[Listed records Boundary: Start]

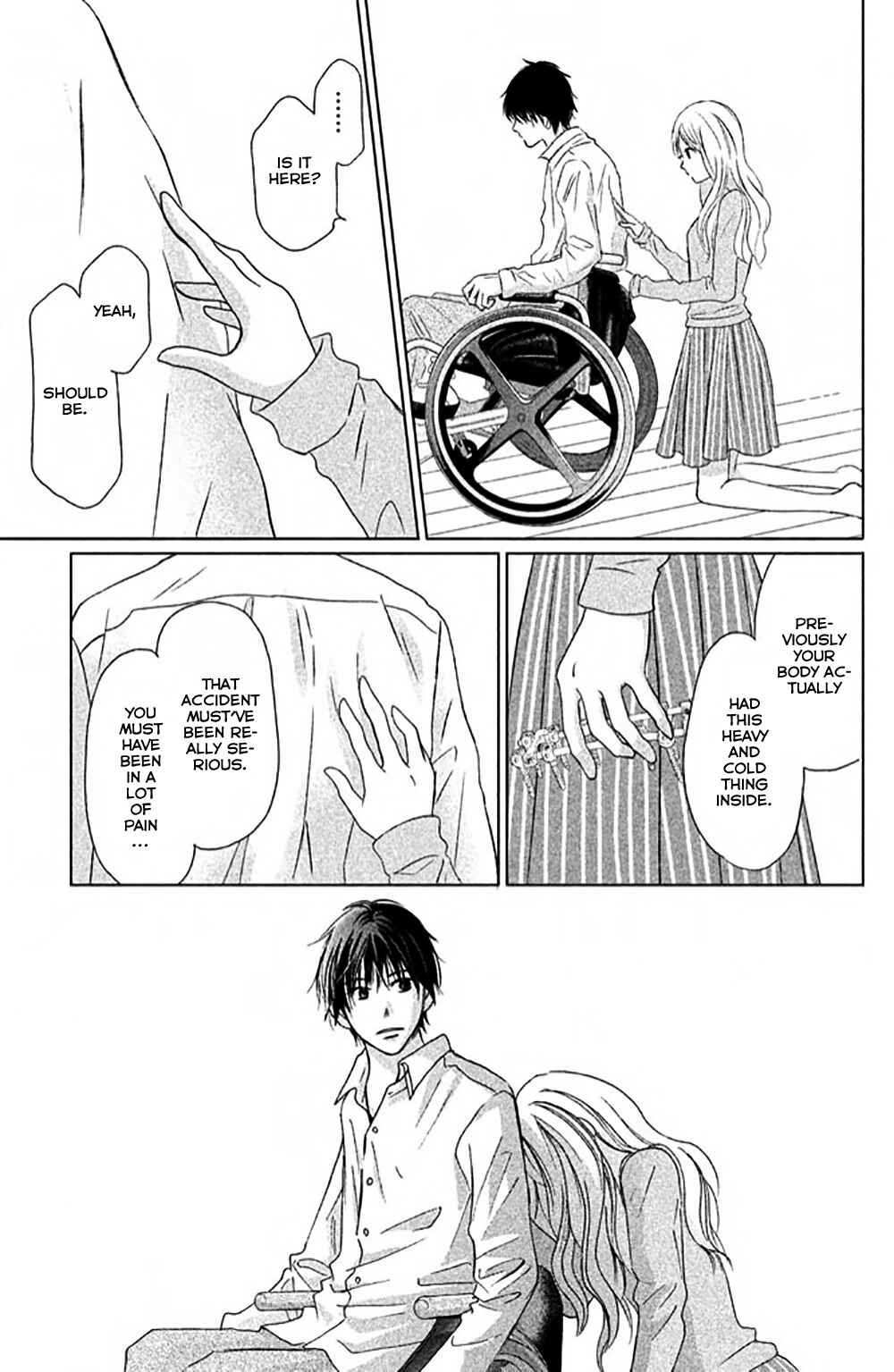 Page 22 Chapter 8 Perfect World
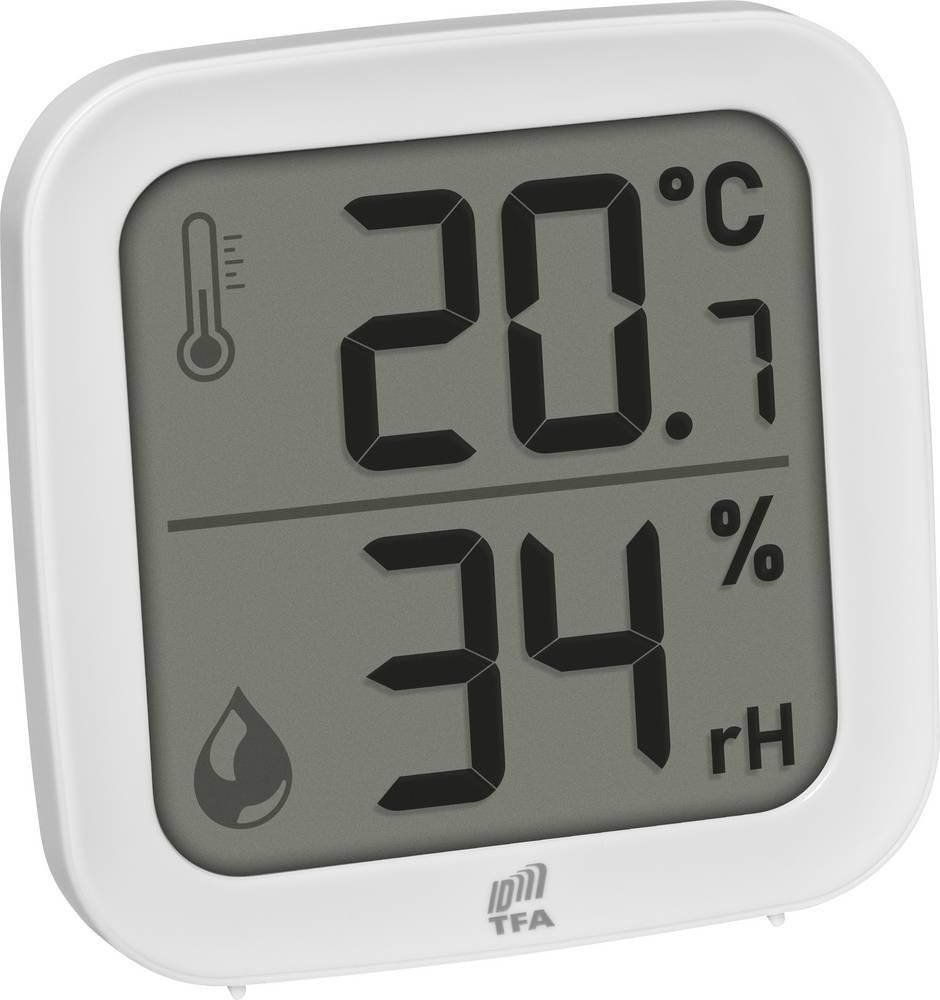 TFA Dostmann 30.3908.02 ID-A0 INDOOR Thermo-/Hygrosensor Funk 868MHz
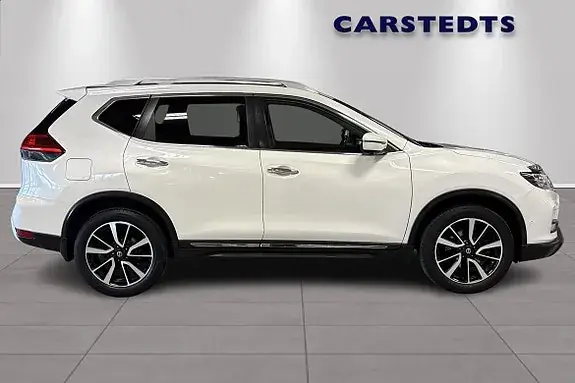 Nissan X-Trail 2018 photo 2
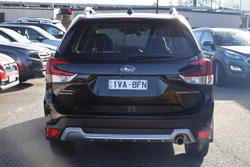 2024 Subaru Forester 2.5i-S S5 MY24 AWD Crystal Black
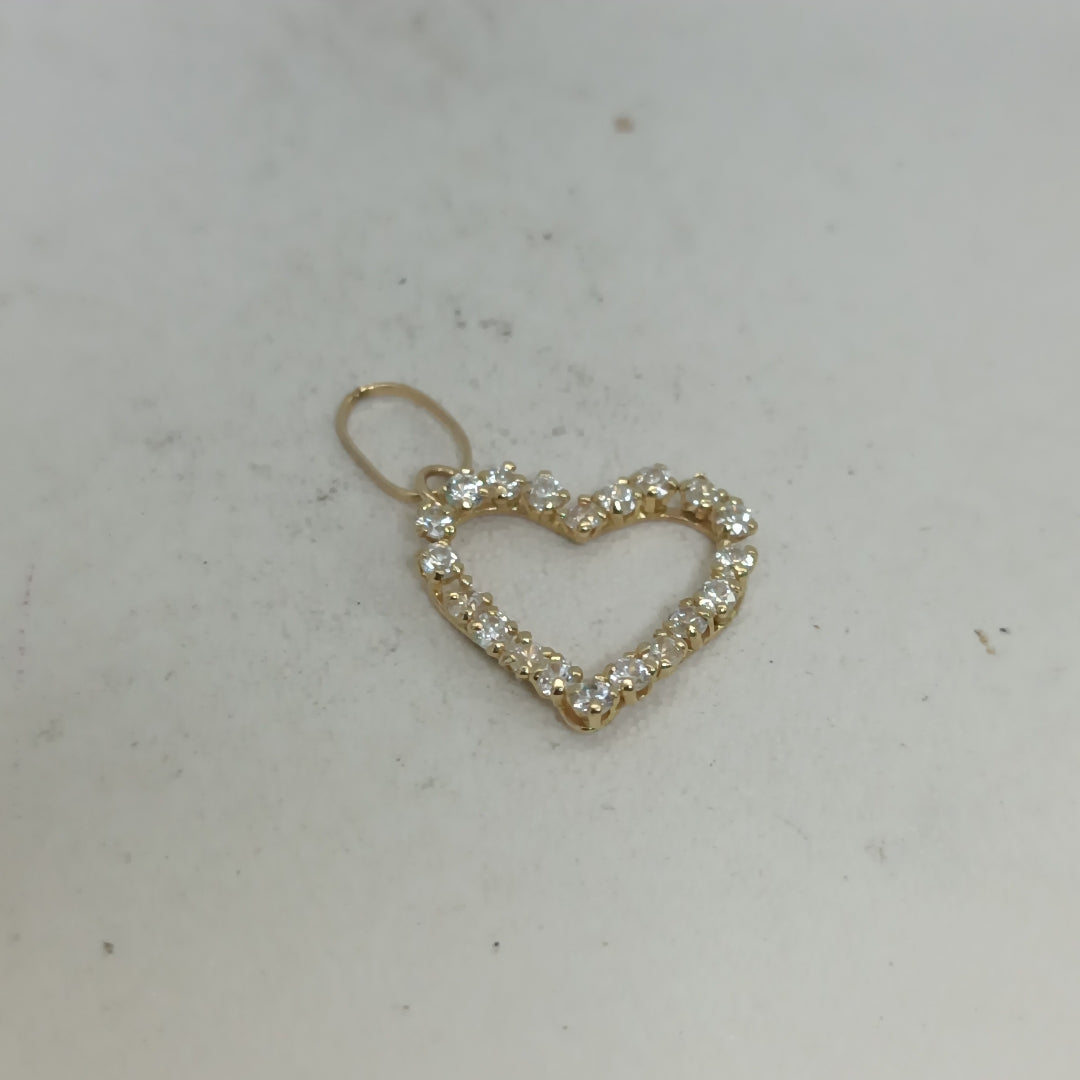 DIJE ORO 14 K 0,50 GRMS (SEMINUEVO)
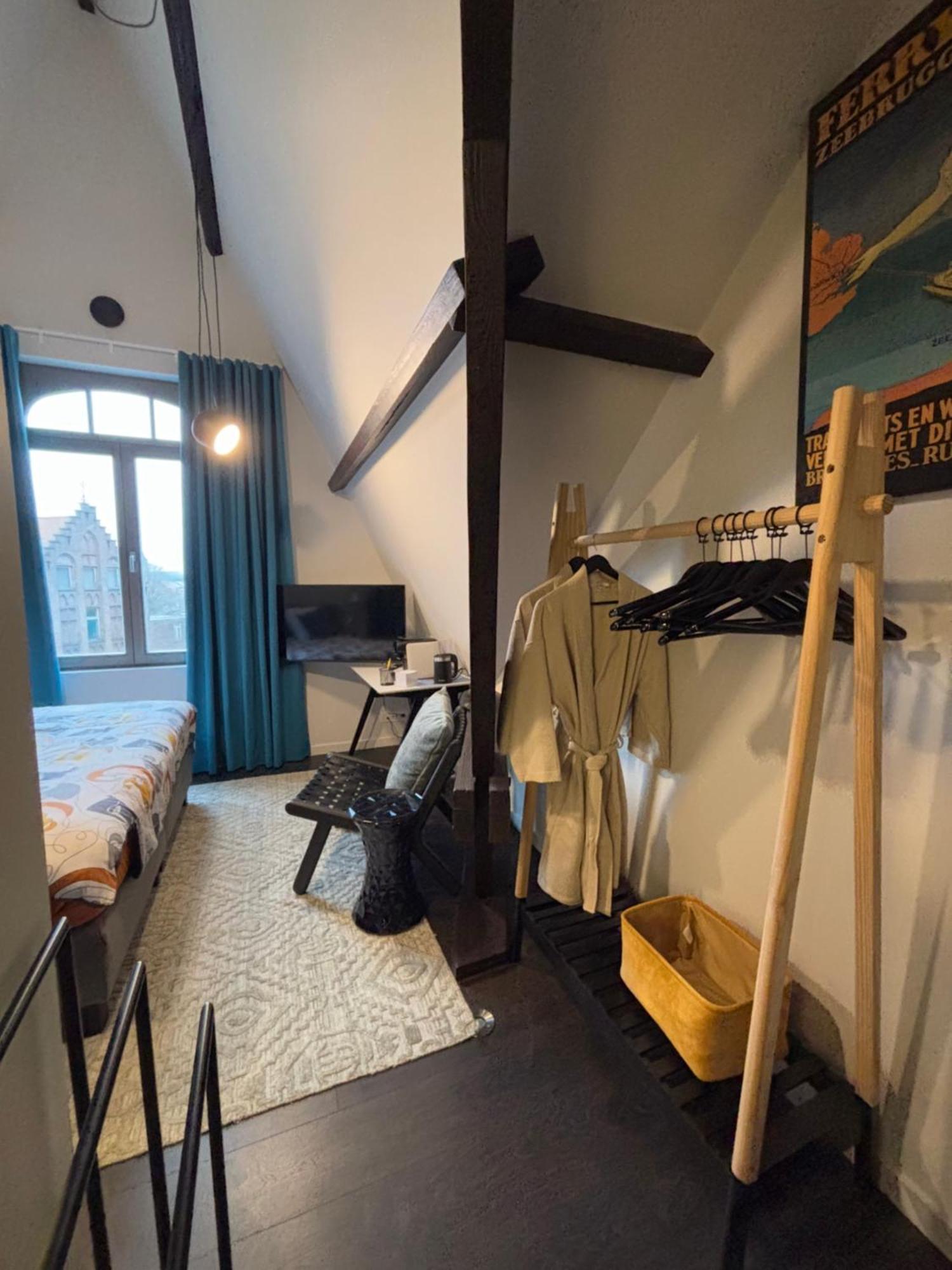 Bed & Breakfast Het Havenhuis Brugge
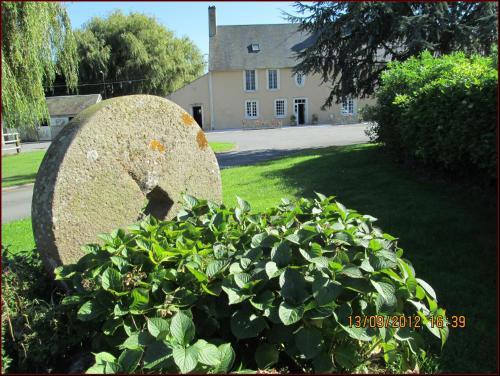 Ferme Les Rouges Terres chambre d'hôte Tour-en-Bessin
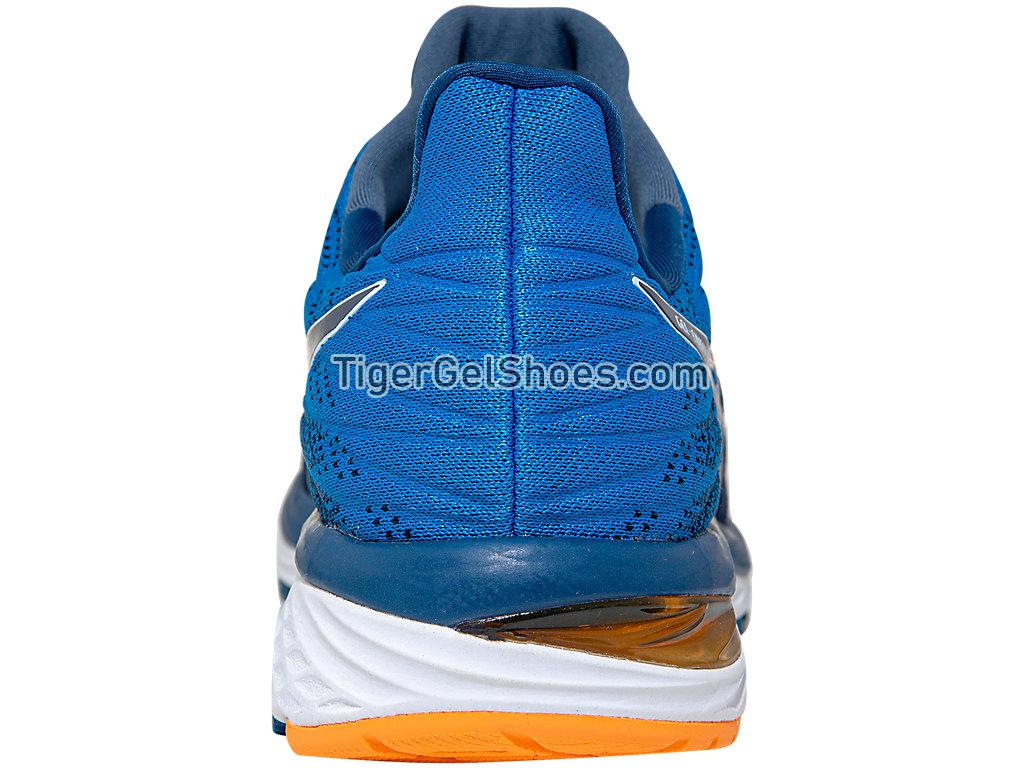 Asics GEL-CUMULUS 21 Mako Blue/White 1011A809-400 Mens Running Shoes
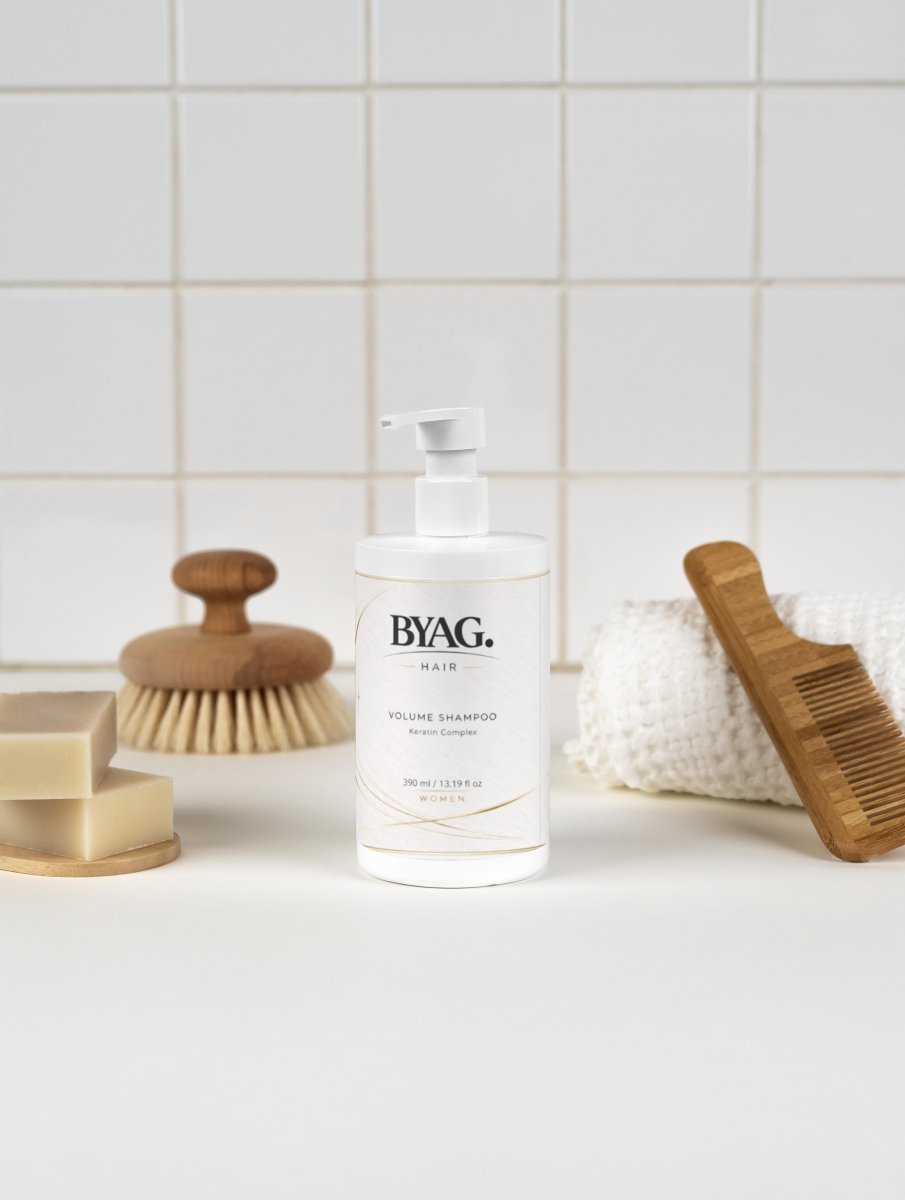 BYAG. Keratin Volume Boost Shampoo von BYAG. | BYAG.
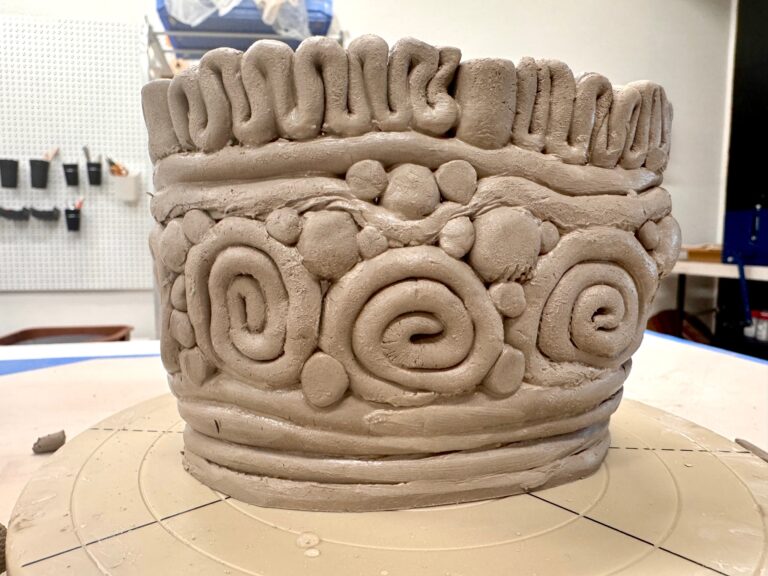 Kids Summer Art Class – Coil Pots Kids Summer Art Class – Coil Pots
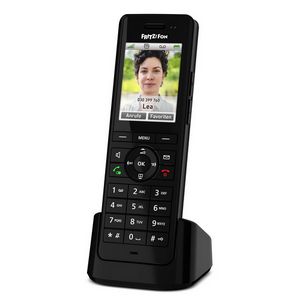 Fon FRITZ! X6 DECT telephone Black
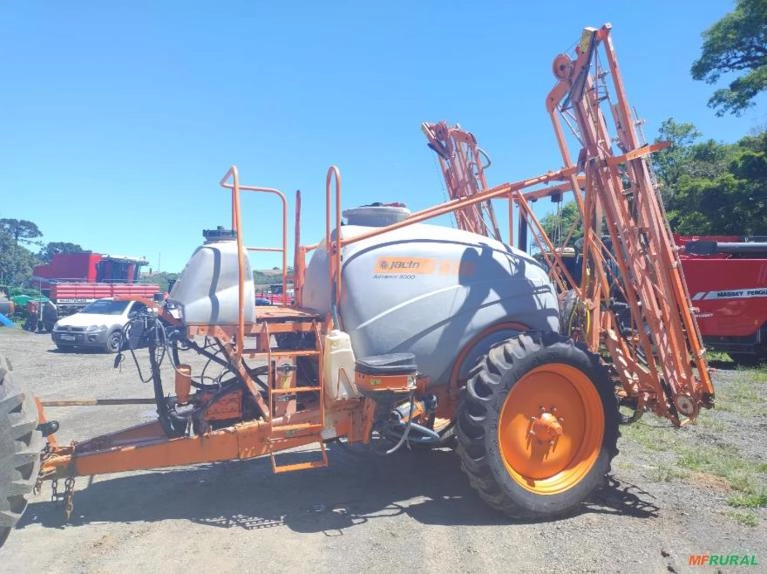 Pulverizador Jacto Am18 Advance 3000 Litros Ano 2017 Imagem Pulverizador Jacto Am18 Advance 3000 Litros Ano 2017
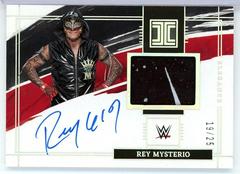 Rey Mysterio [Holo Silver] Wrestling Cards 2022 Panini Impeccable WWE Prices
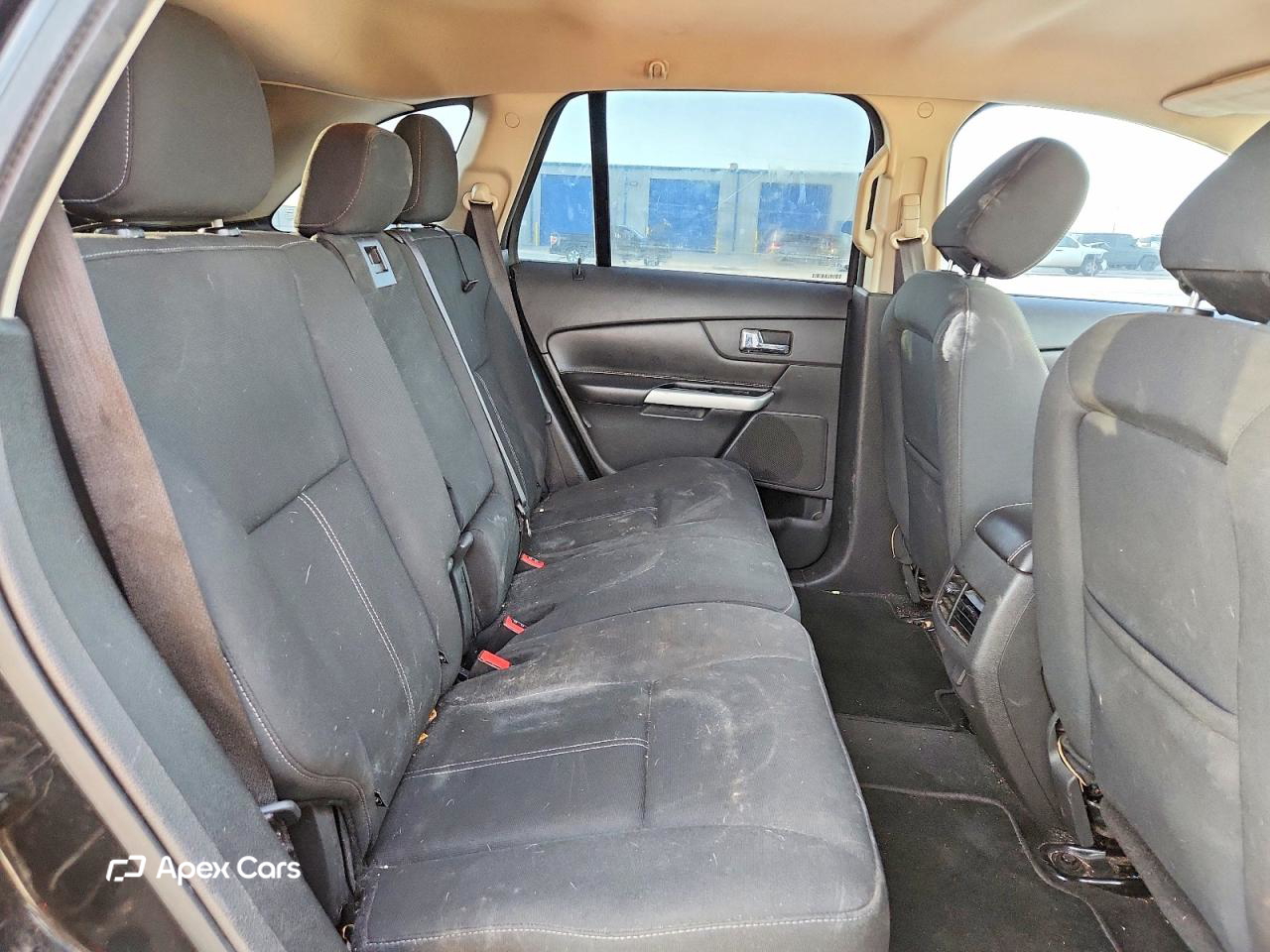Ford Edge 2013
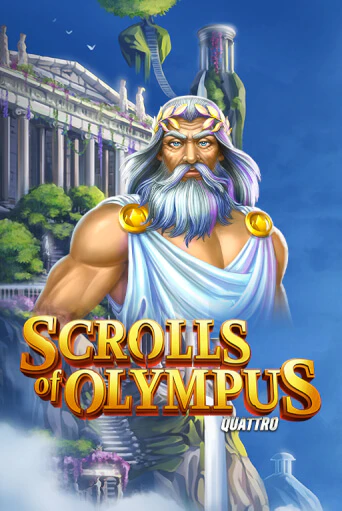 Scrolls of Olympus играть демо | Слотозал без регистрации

[Listed records Boundary: End]

Where a picture appears in the records above, omit it, and transcribe exactly the stretch of lines from the one with "Bed & Breakfast Het Havenhuis Brugge" through the one with "Fon FRITZ! X6 DECT telephone Black".

Written reply:
 Bed & Breakfast Het Havenhuis Brugge
 Ferme Les Rouges Terres chambre d'hôte Tour-en-Bessin
 Asics GEL-CUMULUS 21 Mako Blue/White 1011A809-400 Mens Running Shoes
 BYAG. Keratin Volume Boost Shampoo von BYAG. | BYAG.
 Kids Summer Art Class – Coil Pots Kids Summer Art Class – Coil Pots
 Fon FRITZ! X6 DECT telephone Black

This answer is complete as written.